Why are swaps useful to banks? Let's go back to the two example scenarios above where our bank failed:

  • Previously when interest rates went down, we were unable to find investments that could meet our obligations to CD depositors. If instead we used a swap with an investor, where the investor pays the fixed 5% interest to our customer and we pay a floating rate to the investor, then when rates went down so would our obligations to the investor making it much more likely that we'd be able to meet them.
  • Previously when interest rates went up, we had already invested all of our money into low fixed-rate mortgages and were unable to offer better rates on deposits. If instead we used a swap with an investor, where the investor makes floating-rate payments to us and receives the fixed-rate payments from our borrowers, then when rates went up so would our payments from the investor and we would be able to immediately offer higher rates on deposits.
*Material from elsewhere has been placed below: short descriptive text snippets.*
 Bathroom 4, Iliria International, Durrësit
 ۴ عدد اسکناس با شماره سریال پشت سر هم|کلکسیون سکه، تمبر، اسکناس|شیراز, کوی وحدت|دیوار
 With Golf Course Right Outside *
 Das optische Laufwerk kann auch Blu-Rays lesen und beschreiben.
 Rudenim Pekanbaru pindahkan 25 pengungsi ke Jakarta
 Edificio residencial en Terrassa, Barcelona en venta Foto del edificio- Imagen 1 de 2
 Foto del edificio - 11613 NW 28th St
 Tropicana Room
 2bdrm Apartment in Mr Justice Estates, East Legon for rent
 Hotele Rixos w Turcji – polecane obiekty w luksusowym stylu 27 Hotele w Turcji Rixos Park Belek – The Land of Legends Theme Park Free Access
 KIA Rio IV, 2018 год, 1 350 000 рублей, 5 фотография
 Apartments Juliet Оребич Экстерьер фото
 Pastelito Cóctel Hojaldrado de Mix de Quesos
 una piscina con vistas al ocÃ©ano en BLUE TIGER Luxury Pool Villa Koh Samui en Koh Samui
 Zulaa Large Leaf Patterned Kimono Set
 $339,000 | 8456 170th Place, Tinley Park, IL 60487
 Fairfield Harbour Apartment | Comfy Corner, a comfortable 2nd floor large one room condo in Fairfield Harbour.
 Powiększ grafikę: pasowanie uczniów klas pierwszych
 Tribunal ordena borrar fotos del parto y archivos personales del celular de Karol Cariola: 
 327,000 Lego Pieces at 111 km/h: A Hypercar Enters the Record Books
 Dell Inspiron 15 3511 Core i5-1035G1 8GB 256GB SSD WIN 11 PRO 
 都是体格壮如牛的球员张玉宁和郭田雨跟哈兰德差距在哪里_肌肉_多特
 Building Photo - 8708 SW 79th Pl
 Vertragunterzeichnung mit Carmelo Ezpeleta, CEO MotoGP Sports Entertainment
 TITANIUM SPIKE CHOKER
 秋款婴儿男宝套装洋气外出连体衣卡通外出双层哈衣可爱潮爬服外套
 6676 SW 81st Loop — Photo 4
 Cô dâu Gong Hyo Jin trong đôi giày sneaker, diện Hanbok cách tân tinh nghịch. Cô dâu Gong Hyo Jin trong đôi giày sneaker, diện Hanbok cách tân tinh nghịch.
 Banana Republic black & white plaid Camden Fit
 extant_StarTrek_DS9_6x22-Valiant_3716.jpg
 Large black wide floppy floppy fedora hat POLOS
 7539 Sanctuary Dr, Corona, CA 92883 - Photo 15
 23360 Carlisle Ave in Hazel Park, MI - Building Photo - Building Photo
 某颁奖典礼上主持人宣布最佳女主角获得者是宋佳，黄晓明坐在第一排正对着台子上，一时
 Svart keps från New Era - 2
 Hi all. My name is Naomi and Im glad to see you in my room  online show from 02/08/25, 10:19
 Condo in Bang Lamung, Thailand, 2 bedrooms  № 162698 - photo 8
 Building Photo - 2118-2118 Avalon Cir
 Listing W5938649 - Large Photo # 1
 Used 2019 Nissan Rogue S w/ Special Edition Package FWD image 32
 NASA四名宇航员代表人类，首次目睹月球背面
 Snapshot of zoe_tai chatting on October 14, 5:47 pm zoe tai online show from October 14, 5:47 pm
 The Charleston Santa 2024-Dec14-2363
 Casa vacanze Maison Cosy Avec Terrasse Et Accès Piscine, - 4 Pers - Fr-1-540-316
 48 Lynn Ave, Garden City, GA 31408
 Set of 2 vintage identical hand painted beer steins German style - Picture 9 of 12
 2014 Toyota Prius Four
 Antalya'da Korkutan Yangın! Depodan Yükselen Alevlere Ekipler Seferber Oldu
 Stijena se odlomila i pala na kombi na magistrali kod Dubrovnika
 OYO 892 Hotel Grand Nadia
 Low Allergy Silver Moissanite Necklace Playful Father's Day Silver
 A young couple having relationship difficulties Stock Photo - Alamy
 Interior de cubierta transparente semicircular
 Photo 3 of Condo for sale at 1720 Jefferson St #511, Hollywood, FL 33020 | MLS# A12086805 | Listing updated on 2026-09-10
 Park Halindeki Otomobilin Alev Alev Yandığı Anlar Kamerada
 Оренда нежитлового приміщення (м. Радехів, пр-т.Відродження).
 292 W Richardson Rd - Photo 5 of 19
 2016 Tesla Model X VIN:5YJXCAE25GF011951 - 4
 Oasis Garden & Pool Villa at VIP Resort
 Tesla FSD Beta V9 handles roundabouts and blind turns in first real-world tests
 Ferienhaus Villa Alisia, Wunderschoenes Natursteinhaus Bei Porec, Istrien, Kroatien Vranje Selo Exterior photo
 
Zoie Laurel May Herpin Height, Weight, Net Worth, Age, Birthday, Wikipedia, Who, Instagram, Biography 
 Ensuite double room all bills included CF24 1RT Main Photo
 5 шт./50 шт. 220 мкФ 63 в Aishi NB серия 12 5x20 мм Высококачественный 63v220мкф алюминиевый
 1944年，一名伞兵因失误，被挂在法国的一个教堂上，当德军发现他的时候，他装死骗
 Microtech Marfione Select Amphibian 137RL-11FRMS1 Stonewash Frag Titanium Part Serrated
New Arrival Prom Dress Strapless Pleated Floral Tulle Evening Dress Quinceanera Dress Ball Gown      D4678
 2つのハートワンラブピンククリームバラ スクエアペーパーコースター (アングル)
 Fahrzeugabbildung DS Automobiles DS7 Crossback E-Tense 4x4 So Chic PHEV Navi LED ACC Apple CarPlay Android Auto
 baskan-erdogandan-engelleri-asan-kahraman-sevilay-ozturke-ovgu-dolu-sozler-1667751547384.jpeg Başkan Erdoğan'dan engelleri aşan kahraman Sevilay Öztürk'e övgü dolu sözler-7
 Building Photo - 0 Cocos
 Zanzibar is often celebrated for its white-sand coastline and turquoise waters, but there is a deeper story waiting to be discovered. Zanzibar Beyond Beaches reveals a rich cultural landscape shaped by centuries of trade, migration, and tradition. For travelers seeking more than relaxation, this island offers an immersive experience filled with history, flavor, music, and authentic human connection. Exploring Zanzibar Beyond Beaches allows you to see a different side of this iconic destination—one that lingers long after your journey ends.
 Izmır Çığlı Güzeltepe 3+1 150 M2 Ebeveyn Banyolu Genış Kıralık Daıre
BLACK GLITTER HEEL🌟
Swaps are derivative securities, and like all derivatives their purpose is to move risk from people that don't want it (our bank) to people that do (speculative investors). Banks handle the money that people use day-to-day for living expenses and have an incredibly low tolerance for failure, while investors are specifically looking to speculate and are using only money that can be lost. For banking needs that don't have a well-developed investor market, the bank has no choice but to push risk to depositors or borrowers instead. In the case of TIC loans, the borrowers are forced to assume more risk by taking a floating-rate mortgage instead of using a fixed rate.